I feel ya....I used to Bow Hunt deer , Varmint shoot and call predators and Fly Fish .... I had my seasons planned out . Once bow season would come in , I would lock onto that till I got my deer.....then it was back to the river ...if it was to cold to fish then it was time for predators....in the spring when the rivers blew out I would take some time to shoot ground hogs off farmers fields that gave me permission for hunting.....about 20 yrs ago I said screw it and just perused the fly fishing full time ..... sold all my rifles and gear and turned it all into rods, reels , lines and tying supply's.....so Ive past hobby long ago ..if I'm not out fishing , I'm wishing I was ...... somehow catching a nice fish and releasing it is way more satisfying than killing something for meat or hide......I have no desire to hunt any longer ..... My basement is basically a fly shop..not plans on stopping ...being 49 I hope to get another good 15yrs or so......


----------



## Mstash (Nov 28, 2012)

Flymaker said:


> I feel ya....I used to Bow Hunt deer , Varmint shoot and call predators and Fly Fish .... I had my seasons planned out . Once bow season would come in , I would lock onto that till I got my deer.....then it was back to the river ...if it was to cold to fish then it was time for predators....in the spring when the rivers blew out I would take some time to shoot ground hogs off farmers fields that gave me permission for hunting.....about 20 yrs ago I said screw it and just perused the fly fishing full time ..... sold all my rifles and gear and turned it all into rods, reels , lines and tying supply's.....so Ive past hobby long ago ..if I'm not out fishing , I'm wishing I was ...... somehow catching a nice fish and releasing it is way more satisfying than killing something for meat or hide......I have no desire to hunt any longer ..... My basement is basically a fly shop..not plans on stopping ...being 49 I hope to get another good 15yrs or so......
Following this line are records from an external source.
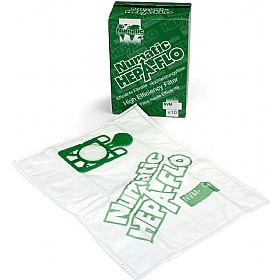 Numatic Hepaflo Dust Bags (Pack of 10) NVM 604015 £6 - Cleaning & Hygiene
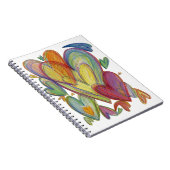 Het liefhebben van het Notitieboek van het Kleurri (Rechterzijde)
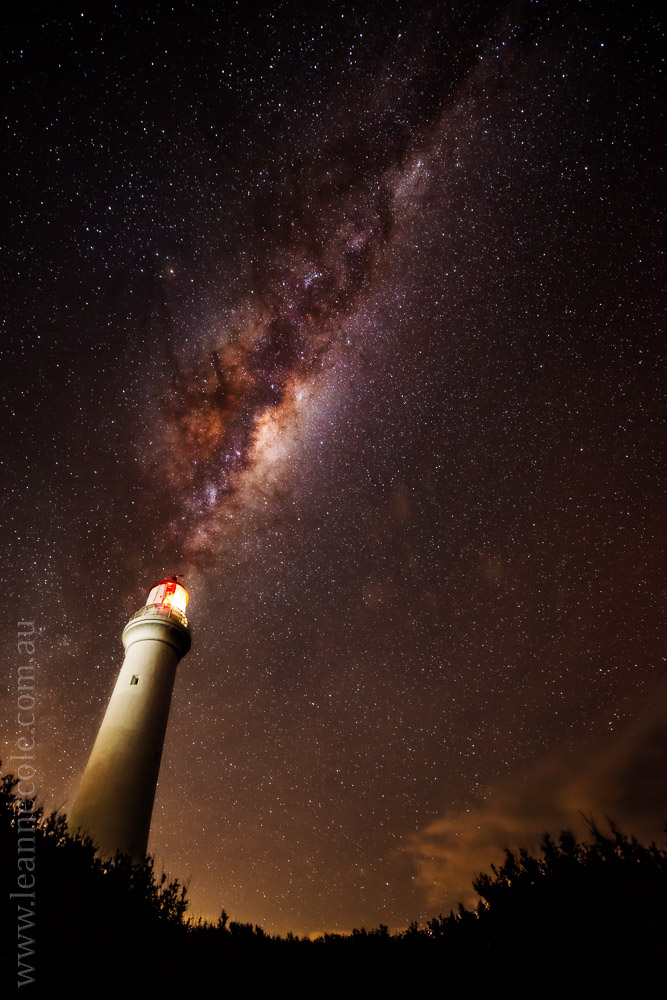 Spit Point Lighthouse, Aireys Inlet - Learning about long exposure photography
Kids of today won't be able to say that 20 years form now.We need to get kids involved this sport.


----------



## Live2Fish (Apr 7, 2004)

Man Flymaker, that post I could have written.


----------



## FL-boy (Feb 12, 2013)

I'm 32 and have fished as long as I can remember, but just started fly fishing about a year and a half ago...I'm already hooked on it and spend most of my fishing-related time and resources on the fly. A friend of mine takes his daughter, she's 10. My daughter is 6 and has fished with me since she was probably 3 and now I'm working her into the fly. Maybe the kids will have a future full of fly fishing!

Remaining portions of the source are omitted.